Exercise:
Your answer must be only the lines below from the one containing "企業(yè)新聞themoelectric dehumidifier 的翻譯是：themoelectric" through the one containing "Bomba Manual de", copied exactly, with the pictures left out.

Supplied entries:
========================================
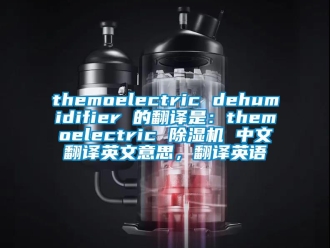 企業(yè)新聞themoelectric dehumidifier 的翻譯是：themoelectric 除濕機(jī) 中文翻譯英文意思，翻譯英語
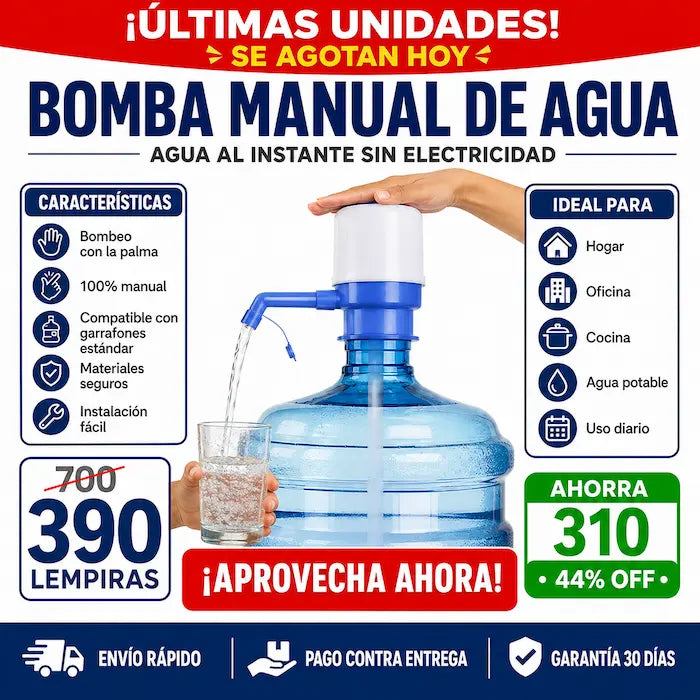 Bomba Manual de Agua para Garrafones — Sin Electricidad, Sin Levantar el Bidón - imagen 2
========================================
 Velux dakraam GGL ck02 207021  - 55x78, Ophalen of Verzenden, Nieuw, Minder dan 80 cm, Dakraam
========================================
Result of this exercise:
 企業(yè)新聞themoelectric dehumidifier 的翻譯是：themoelectric 除濕機(jī) 中文翻譯英文意思，翻譯英語
 Bomba Manual de Agua para Garrafones — Sin Electricidad, Sin Levantar el Bidón - imagen 2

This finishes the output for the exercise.